Reading my travel-sized Bible over the last few days has once again reminded me of the problem with red-letter editions. You know—the ones with “Words of Christ in Red” printed on the spine.

In fact, it’s hard to find an English translation of the Bible these days that does not have the word of Christ in red. Even the new English Standard Version (ESV) has red-letter editions. Typically, to find an edition of the Bible that is all in black print, one has look at the low-end ($5 giveaway editions) or the high end ($60 + genuine leather editions). Everything else in between is “in the red.”

Ostensibly, the sayings of Jesus are put into red type to draw attention to the importance of the words of our Lord. After all, if Jesus said it, we should pay attention to it, right? No argument here—the words of Christ are extremely important.

The problem is, however, that if we believe the Bible to be the inspired word of God, and that all Scripture is God-breathed [2 Tim 3:16], how are the rest of the words of Scripture (the ones in black) any less important?

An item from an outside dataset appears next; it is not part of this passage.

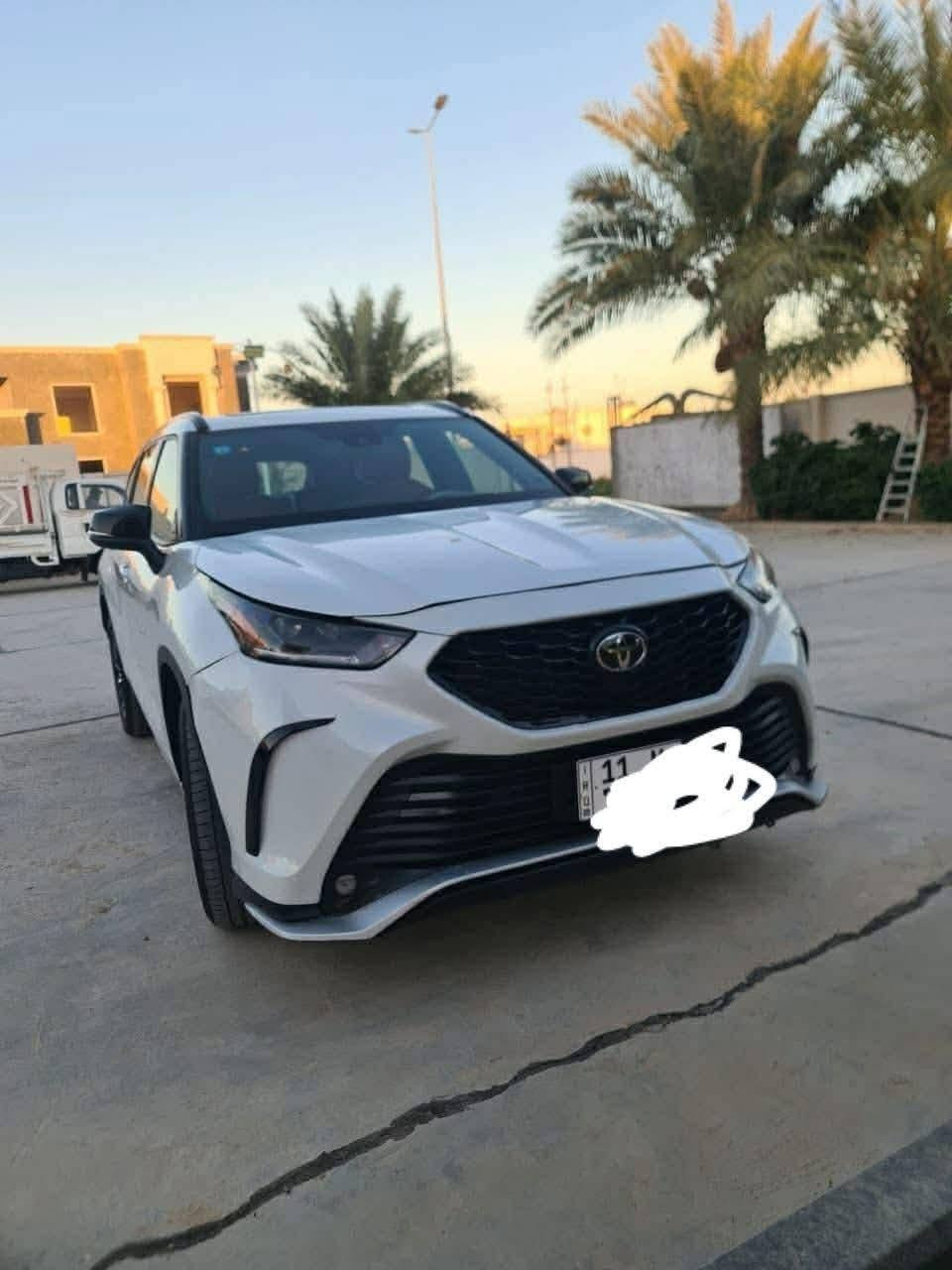 تيوتا هايلندر موديل 2022 //
بانزين (6)سلندر 
فوول مواصفات (( XSE ))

Is not all the Bible the word of God? Why not put the entire text in red? Here’s a novel idea: for the sake of our eyes, put all the text in black. Historically, the practice of putting the words of Christ in red is recent. Some reports have the practice emerging at the beginning of the last century. It is probably no coincidence that liberal theology, which denied the inerrancy of Scripture, was emerging at that time as well. A theology that venerates some Scriptures and castigates others is very friendly to a red-letter edition.

There are also questionable parts of red-letter editions where some passages printed in red may not even be the words of Jesus. The Greek manuscripts having no punctuation, many red letter editions include John 3:16 as a quote of Jesus to Nicodemus. A careful evaluation of the passage, however, reveals that it may be a return to the author John’s editorial comments and not a quote of Jesus. With a proper view in play, it matters not in the end—as it is all the word of God.

While there is nothing inherently wrong with reading a red-letter edition of the Bible (it’s definitely better than not reading the Bible at all), Christians should begin to move away from the practice. Publishers should cease deemphasizing the bulk of God’s word by placing certain words in a different color. The underlining and highlighting should be left to the student.